■ **What the task requires**
Using the listing below, output only the lines from the one that contains "Vlag van de" through the one that contains "Thumbnail 3 Jacquemus", inclusive, exactly as given and without images.

■ **Material shown**
::::::::::

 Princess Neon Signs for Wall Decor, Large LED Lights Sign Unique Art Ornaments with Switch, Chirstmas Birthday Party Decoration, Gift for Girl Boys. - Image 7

::::::::::

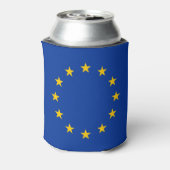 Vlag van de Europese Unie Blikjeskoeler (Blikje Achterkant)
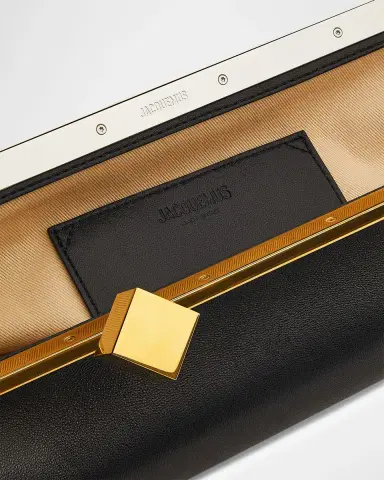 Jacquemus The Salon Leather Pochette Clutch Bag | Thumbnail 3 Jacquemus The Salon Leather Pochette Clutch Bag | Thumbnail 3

::::::::::

■ **Response area**
 Vlag van de Europese Unie Blikjeskoeler (Blikje Achterkant)
 Jacquemus The Salon Leather Pochette Clutch Bag | Thumbnail 3 Jacquemus The Salon Leather Pochette Clutch Bag | Thumbnail 3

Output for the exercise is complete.